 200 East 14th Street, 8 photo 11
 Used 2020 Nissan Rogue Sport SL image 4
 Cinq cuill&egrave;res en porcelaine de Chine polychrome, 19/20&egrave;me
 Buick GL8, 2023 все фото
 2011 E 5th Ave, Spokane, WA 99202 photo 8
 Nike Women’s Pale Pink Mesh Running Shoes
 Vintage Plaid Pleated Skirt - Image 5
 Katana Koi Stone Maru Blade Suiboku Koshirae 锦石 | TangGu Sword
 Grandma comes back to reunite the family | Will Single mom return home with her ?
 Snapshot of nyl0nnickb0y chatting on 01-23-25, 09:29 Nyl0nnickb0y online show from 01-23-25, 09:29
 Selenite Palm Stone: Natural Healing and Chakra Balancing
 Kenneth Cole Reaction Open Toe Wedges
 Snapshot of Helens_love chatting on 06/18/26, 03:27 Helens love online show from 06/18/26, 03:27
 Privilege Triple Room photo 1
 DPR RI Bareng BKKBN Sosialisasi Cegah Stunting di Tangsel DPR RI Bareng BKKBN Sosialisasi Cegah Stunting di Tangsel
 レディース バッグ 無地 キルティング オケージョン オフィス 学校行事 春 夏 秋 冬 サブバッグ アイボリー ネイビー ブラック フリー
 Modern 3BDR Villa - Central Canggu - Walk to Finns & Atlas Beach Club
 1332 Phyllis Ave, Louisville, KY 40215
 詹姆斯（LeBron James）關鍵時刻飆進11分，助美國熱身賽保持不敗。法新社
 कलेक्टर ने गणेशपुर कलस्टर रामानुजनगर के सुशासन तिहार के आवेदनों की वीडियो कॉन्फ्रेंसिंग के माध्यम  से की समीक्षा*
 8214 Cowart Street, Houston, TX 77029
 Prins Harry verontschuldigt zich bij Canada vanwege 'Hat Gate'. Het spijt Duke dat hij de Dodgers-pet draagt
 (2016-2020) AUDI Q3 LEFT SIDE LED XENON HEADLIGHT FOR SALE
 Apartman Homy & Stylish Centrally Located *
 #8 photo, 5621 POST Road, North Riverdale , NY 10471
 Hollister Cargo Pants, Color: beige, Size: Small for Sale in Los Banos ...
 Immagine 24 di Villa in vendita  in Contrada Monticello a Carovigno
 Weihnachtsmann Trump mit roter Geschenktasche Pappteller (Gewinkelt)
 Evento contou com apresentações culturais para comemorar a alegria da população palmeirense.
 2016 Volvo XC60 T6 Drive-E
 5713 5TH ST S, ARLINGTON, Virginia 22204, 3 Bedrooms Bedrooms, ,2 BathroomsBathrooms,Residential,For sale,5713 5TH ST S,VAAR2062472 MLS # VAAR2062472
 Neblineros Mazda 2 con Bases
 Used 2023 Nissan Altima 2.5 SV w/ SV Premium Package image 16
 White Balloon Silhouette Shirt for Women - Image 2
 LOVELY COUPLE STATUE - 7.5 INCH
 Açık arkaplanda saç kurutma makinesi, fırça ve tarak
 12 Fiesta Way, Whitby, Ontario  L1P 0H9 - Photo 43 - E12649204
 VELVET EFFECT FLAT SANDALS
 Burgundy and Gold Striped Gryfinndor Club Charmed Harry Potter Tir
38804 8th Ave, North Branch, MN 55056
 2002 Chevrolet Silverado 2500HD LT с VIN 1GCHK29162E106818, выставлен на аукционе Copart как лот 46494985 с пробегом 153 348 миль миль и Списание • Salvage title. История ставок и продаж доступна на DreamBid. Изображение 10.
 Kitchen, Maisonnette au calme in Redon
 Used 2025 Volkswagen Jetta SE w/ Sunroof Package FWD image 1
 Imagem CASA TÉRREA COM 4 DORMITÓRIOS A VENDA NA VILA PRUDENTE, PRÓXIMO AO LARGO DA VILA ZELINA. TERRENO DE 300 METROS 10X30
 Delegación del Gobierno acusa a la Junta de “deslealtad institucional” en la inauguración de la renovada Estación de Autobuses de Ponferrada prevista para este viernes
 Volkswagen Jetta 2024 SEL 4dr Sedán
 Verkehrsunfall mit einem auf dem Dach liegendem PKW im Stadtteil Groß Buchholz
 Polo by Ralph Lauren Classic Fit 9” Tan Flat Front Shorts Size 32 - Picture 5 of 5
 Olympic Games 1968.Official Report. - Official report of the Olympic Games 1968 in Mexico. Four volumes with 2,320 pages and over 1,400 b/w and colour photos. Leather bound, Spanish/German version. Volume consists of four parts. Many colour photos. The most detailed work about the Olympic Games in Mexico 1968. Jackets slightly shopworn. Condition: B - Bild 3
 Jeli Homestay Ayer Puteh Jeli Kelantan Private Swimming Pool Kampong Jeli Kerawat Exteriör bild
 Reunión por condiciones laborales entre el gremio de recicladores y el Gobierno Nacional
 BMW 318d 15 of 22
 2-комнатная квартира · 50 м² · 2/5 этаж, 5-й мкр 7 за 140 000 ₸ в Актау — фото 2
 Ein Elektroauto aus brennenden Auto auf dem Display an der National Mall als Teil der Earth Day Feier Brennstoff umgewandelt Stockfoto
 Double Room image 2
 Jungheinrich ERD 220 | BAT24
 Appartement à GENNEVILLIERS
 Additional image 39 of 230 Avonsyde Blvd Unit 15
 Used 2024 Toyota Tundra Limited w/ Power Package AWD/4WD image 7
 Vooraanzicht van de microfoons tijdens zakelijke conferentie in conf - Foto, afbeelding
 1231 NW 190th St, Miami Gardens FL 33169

----------------------------------------

• WHAT IS REQUIRED: Output the lines above exactly, but only those between the line holding "White Balloon Silhouette" and the line holding "Polo by Ralph", inclusive.

• EXERCISE ANSWER:
 White Balloon Silhouette Shirt for Women - Image 2
 LOVELY COUPLE STATUE - 7.5 INCH
 Açık arkaplanda saç kurutma makinesi, fırça ve tarak
 12 Fiesta Way, Whitby, Ontario  L1P 0H9 - Photo 43 - E12649204
 VELVET EFFECT FLAT SANDALS
 Burgundy and Gold Striped Gryfinndor Club Charmed Harry Potter Tir
38804 8th Ave, North Branch, MN 55056
 2002 Chevrolet Silverado 2500HD LT с VIN 1GCHK29162E106818, выставлен на аукционе Copart как лот 46494985 с пробегом 153 348 миль миль и Списание • Salvage title. История ставок и продаж доступна на DreamBid. Изображение 10.
 Kitchen, Maisonnette au calme in Redon
 Used 2025 Volkswagen Jetta SE w/ Sunroof Package FWD image 1
 Imagem CASA TÉRREA COM 4 DORMITÓRIOS A VENDA NA VILA PRUDENTE, PRÓXIMO AO LARGO DA VILA ZELINA. TERRENO DE 300 METROS 10X30
 Delegación del Gobierno acusa a la Junta de “deslealtad institucional” en la inauguración de la renovada Estación de Autobuses de Ponferrada prevista para este viernes
 Volkswagen Jetta 2024 SEL 4dr Sedán
 Verkehrsunfall mit einem auf dem Dach liegendem PKW im Stadtteil Groß Buchholz
 Polo by Ralph Lauren Classic Fit 9” Tan Flat Front Shorts Size 32 - Picture 5 of 5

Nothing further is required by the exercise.